#### Extracted information ####

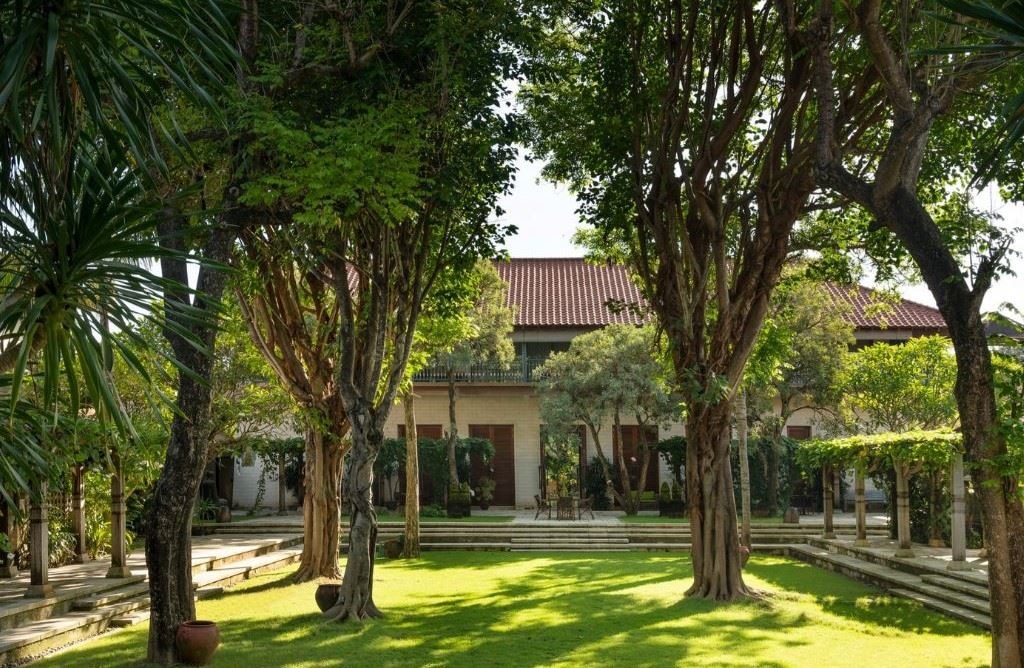 general-main-building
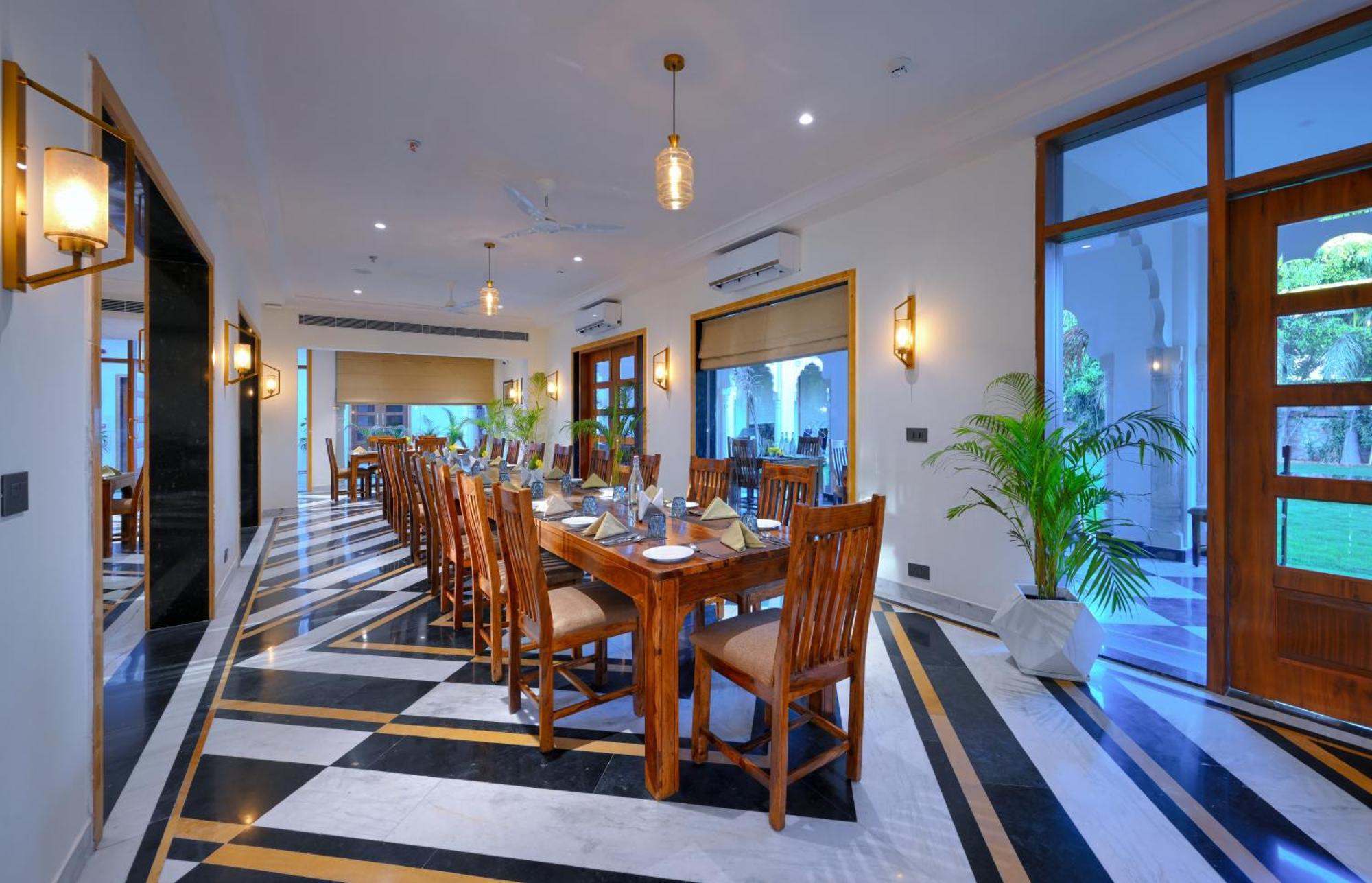โรงแรมรัมทัมบอร์ พาฆะ พาเลซ ซาวาย มาโดปูร์ ภายนอก รูปภาพ
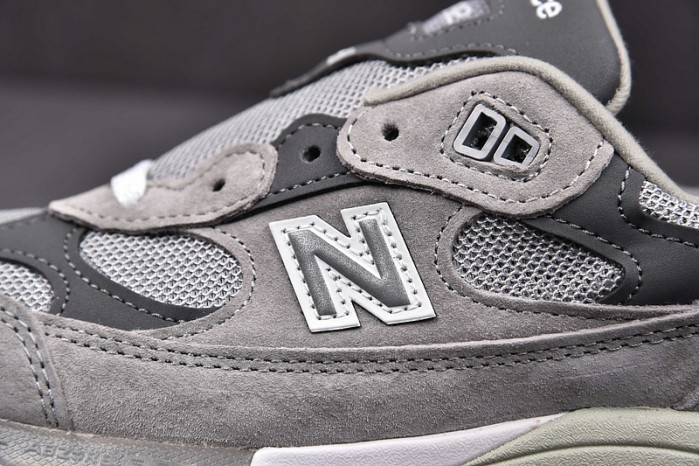 N3W BLANCE SNEAKER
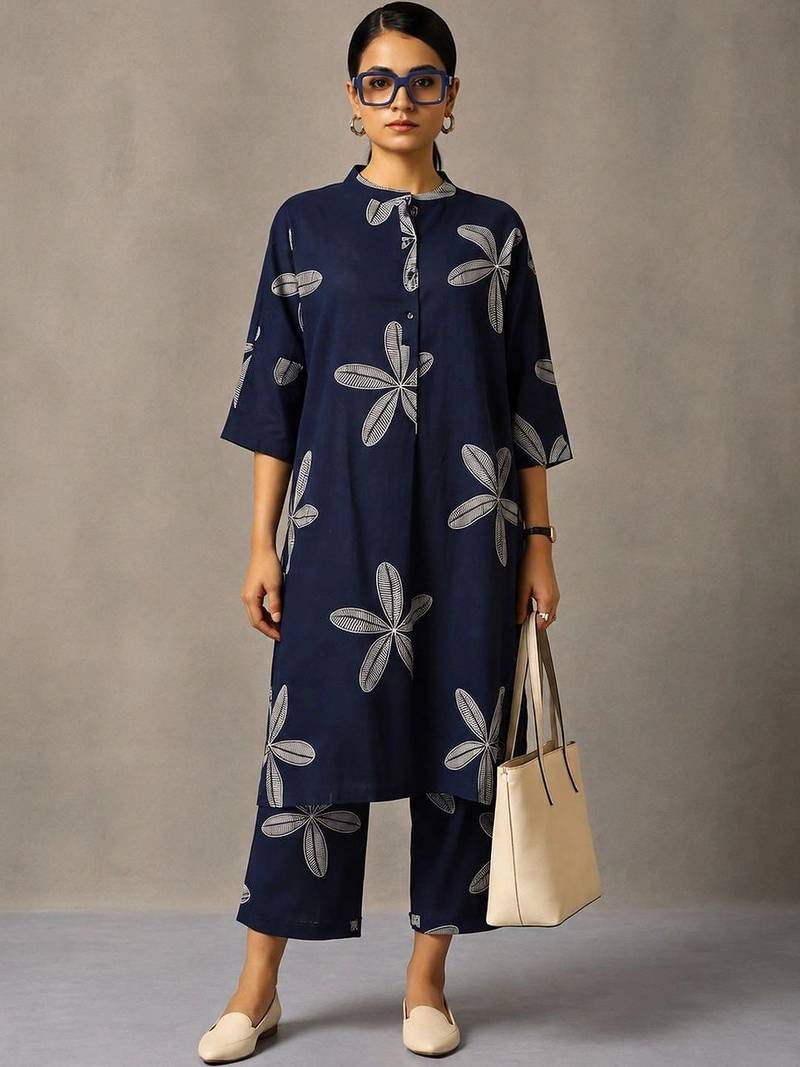 women floral printed regular cotton kurta with trousers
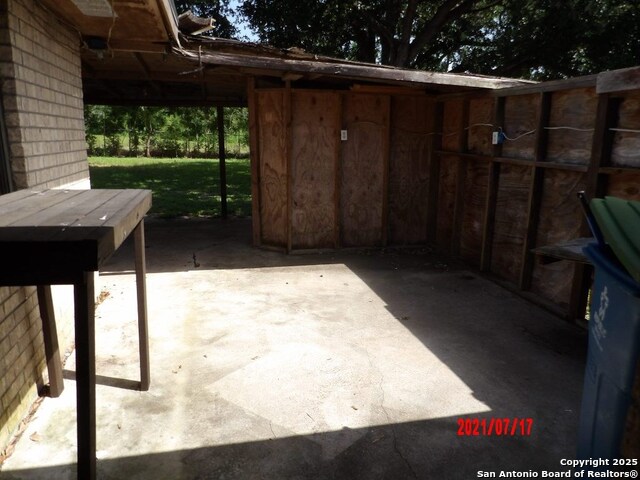 Image 19 of 24 For 507 Clare W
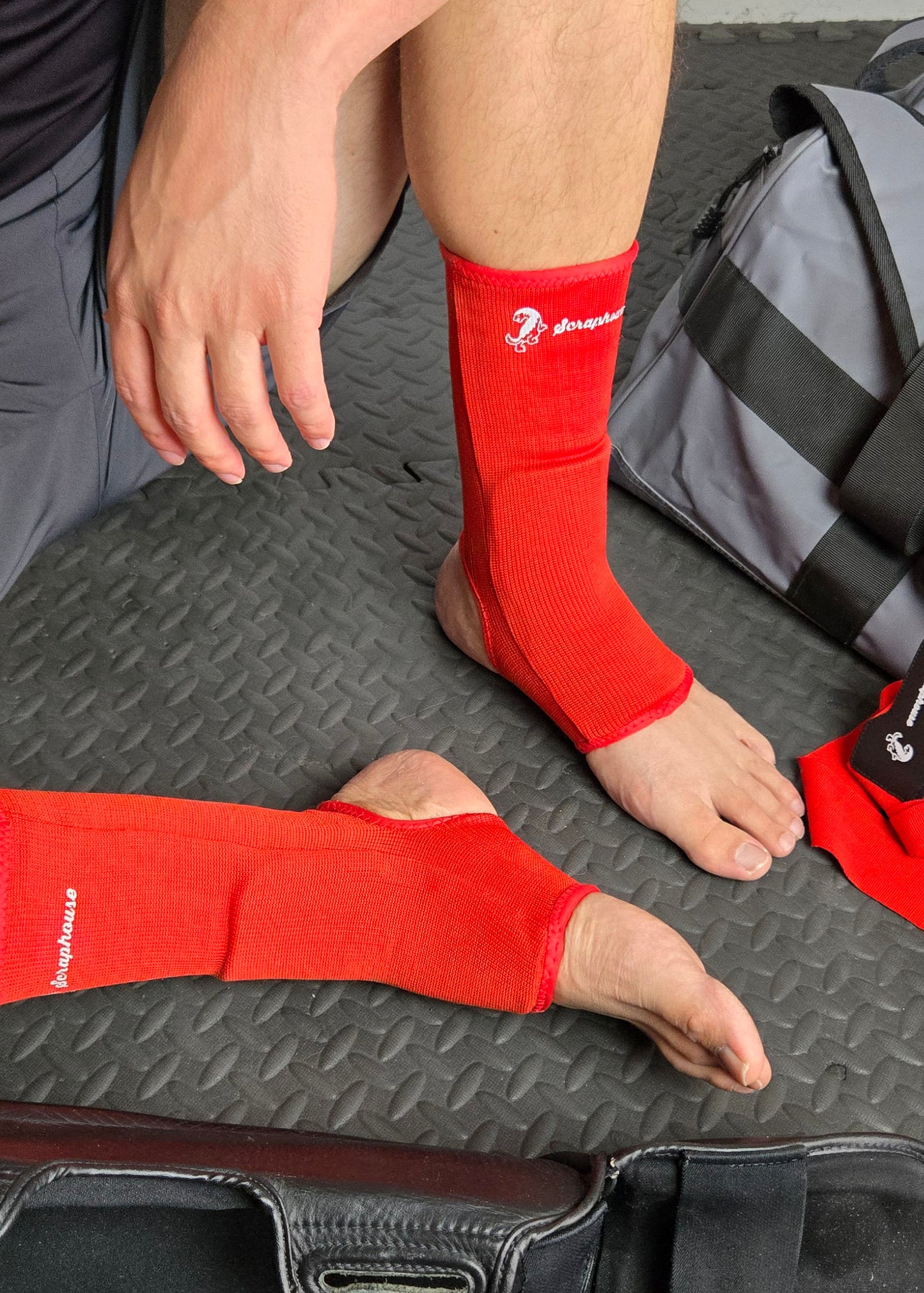 INSTEP GUARDS
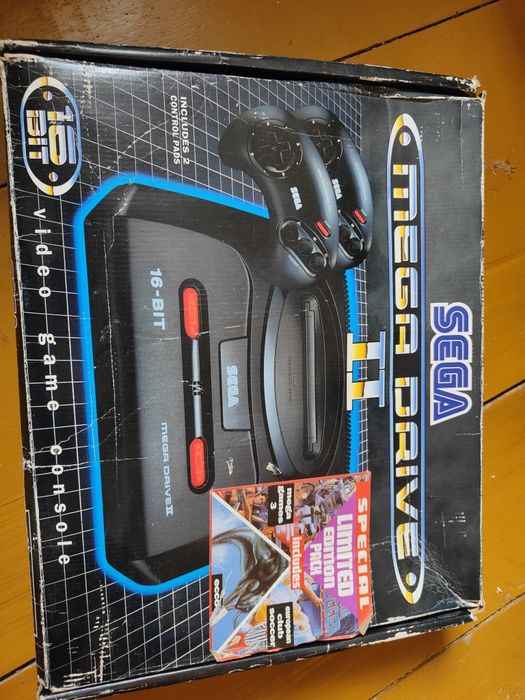 Konsola Sega Mega Drive 2 w pudełku komplet 2 pady instrukcja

####

**What you are asked to do**
With the pictures omitted, the records above are to be repeated exactly.

**Solution for this exercise**
 general-main-building
โรงแรมรัมทัมบอร์ พาฆะ พาเลซ ซาวาย มาโดปูร์ ภายนอก รูปภาพ
 N3W BLANCE SNEAKER
 women floral printed regular cotton kurta with trousers
 Image 19 of 24 For 507 Clare W
 INSTEP GUARDS
 Konsola Sega Mega Drive 2 w pudełku komplet 2 pady instrukcja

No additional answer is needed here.